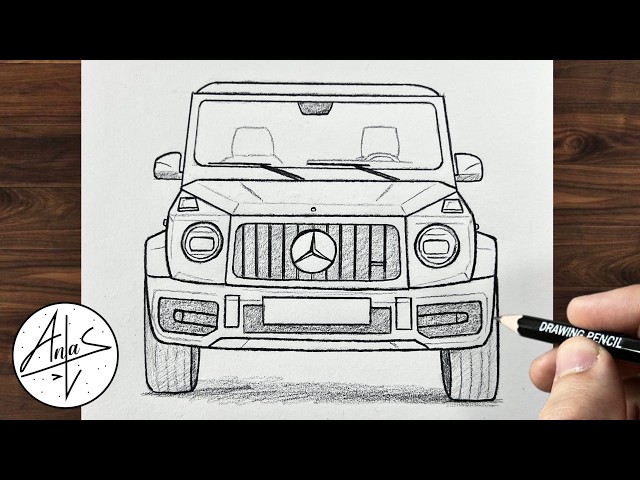 Easy Mercedes G-Class Drawing Tutorial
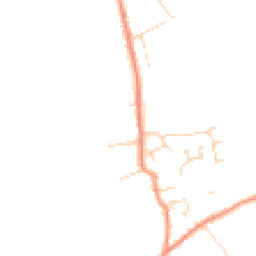 Daytime road noise heatmap for DE12 7PW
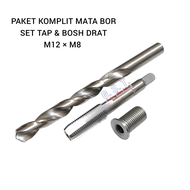Paket komplit mata bor tap set bosh drat sok drat baut kunci 12 (drat luar m12×1.25 drat dalam m8×1.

What is needed
Reproduce the data exactly as it appears above. Pictures are to be left out.

Answer section
 Easy Mercedes G-Class Drawing Tutorial
 Daytime road noise heatmap for DE12 7PW
Paket komplit mata bor tap set bosh drat sok drat baut kunci 12 (drat luar m12×1.25 drat dalam m8×1.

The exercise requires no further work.